While many observers of the night sky gaze upward to simply enjoy the stars, Sam Roweis, assistant professor of computer science at the University of Toronto, is using statistical data analysis to tell him more about what he sees in the cosmos.
Recently, astronomers managed to assemble several huge digital catalogues – lists of stars they know about and can see from earth – that hold, among other data, the positions and brightness of billions of stars.
Roweis is working with U of T master’s of computer science student Chris Harvey and David Hogg, a professor in New York University’s department of physics, on an astrometic calibration robot – a tool that Roweis hopes will be able to process an arbitrary picture of the night sky, and then determine the angular location on the sky at which the picture was taken.
The challenge, explained Roweis, is that when a new picture is taken, many stars that aren’t already in the catalogue end up in picture – and that makes it much more difficult to narrow down the positioning possibilities. Roweis said his team built an inverted index based on the statistics related to the positions and magnitudes of stars they already have in their catalogues – it functions much like a Web search engine, or the index found in most library systems, where the user types in a keyword in order to get a list of items.

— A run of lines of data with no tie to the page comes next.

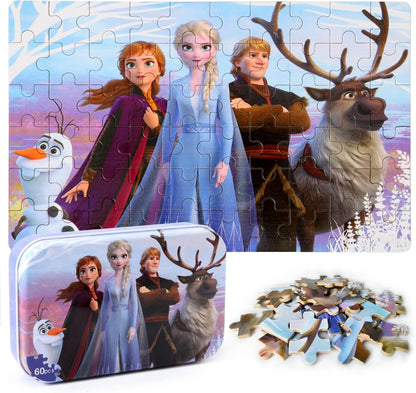 MZZOTOY Puzzles for Kids Ages 4-8, 60 Piece Puzzles for Kids Ages 3-5 in a Metal Box Girls and Boys Learning Educational Jigsaw Puzzle Toys Gifts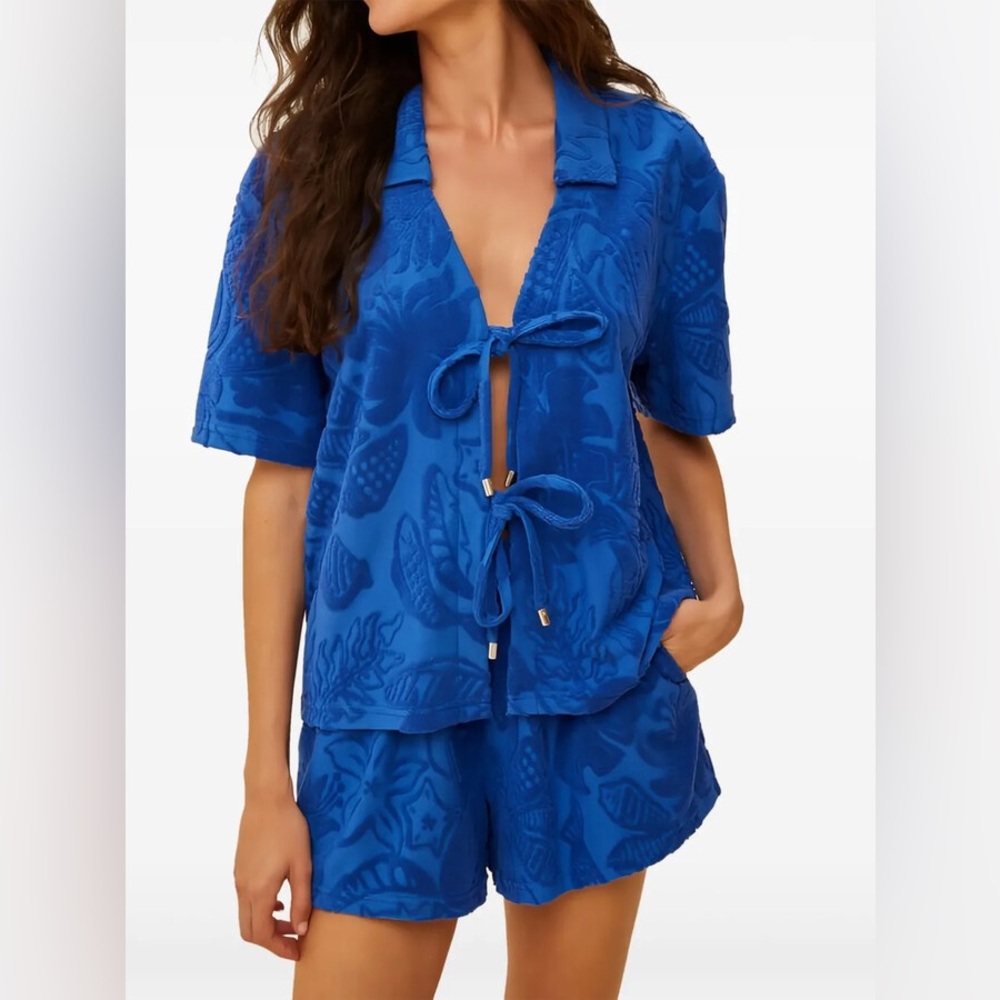 FARM Rio Blue floral-pattern shorts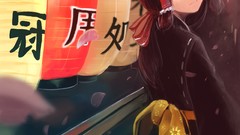 Dress fireworks red eyes lanterns bows long hair anime girls 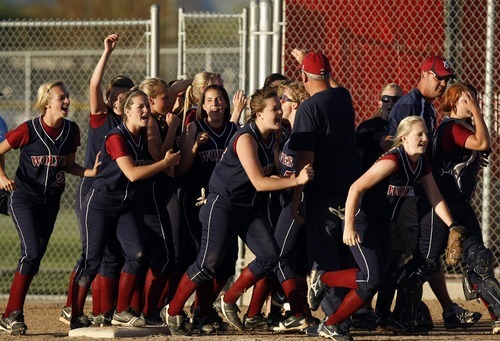 Photo by Chris Detrick | The Salt Lake Tribune 
North Sevier celebrates their victory after the game in Spanish Fork Thursday May 12, 2011.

In Roweis’s index, the attributes and positions of the stars act as the “keywords” that help narrow down the list of possible viewing directions.
“We are looking at occurrences of stars near each other,” Roweis said. “If we see three stars in a certain pattern, with a certain distance between them and with a certain brightness, we can search through our data and learn which kinds of triples of stars are very common…(or) relatively unusual. If we find (the unusual triples), we know that we are probably now in one of these limited numbers of locations” that the picture is depicting, he explained.

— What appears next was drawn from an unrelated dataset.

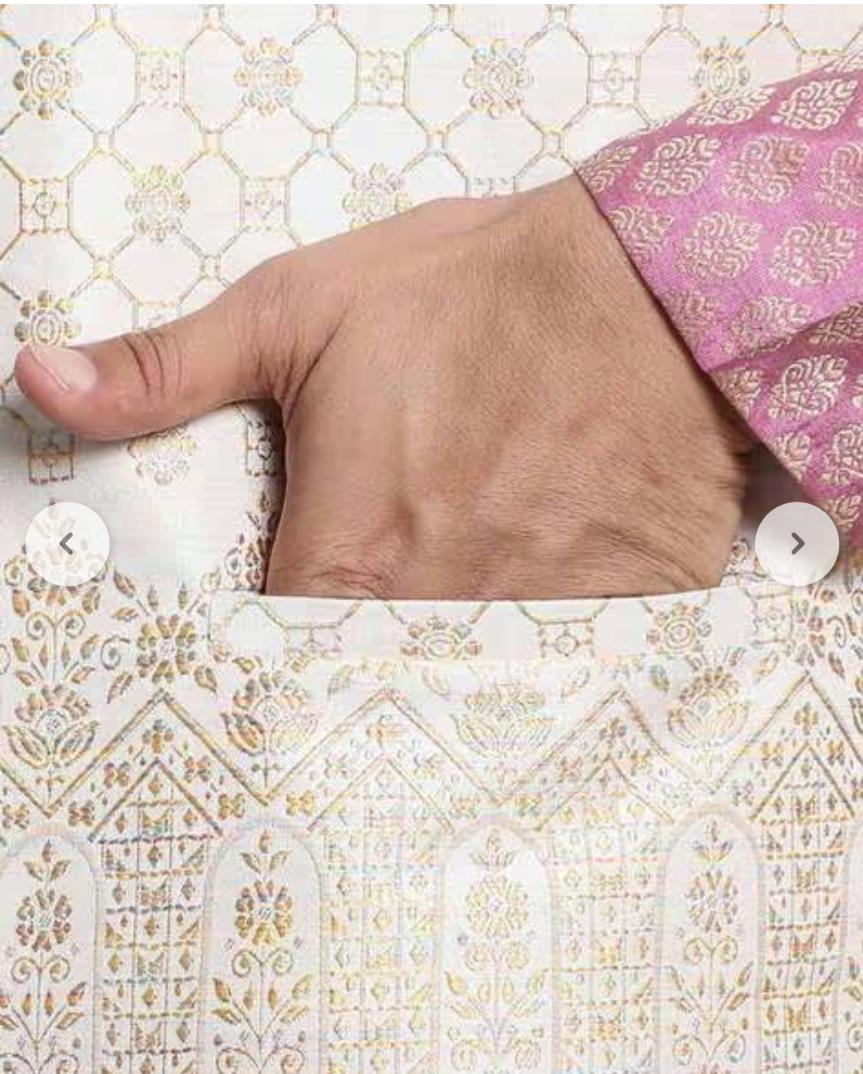 Men's Jacquard Silk Pink Kurta and Off-White Pyjama With Cream Nehru Jacket in Berlin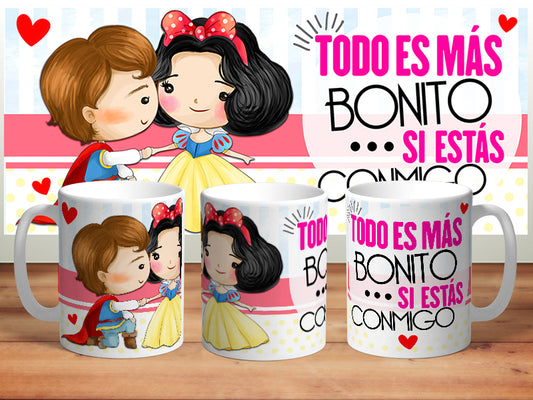 Taza personalizada "Todo es más bonito si estás conmigo"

The astrometic calibration robot was just one of the data mining applications featured at the Mathematics of Information Technology and Complex Systems networks (MITACS) Quebec Interchange conference held recently at McGill University in Montreal. Dr. Arvind Gupta, scientific director of MITACS, said the conference focused on various aspects of data extraction involving machine learning.
Also at the conference, Bell Canada discussed its use of data mining to determine long-distance calling patterns based on peoples’ names and ethnic origins, in order to nail down their purchasing practices. “For example, the Chinese community would probably place a lot more calls to China (than other communities),” Gupta said. With that data in hand, Bell could “offer a specific long distance plan for that area of the city,” he explained.

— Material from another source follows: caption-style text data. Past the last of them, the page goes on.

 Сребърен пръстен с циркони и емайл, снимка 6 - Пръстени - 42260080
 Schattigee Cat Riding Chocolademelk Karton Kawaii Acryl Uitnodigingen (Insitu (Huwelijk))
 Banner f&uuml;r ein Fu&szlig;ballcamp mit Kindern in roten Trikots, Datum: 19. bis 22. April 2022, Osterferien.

Gupta added that data mining techniques could also be applied to direct marketing – for example, with grocery store loyalty programs.
“They would be collecting statistical information and keeping track of who you are, which can be used for marketing…or if you’re loyal to the company, they could reward you in some way.”
With machine learning, the patterns within data are modelled so algorithms can “recognize certain patterns and unrecognize other patterns,” Gupta said. Machine learning requires a lot of computation and statistics, as well as time. “These models refine themselves over time – they need lots of data so they can become accurate.”
Large enterprises are ideal environments for machine learning because they typically have huge data sets, he noted.
Although data mining can be useful for a business that wants to tailor its offerings to its clients, privacy is always an issue, Gupta admitted. “It’s up to companies to really design policies that ensure privacy is protected and to know what information the customer has agreed to give out.”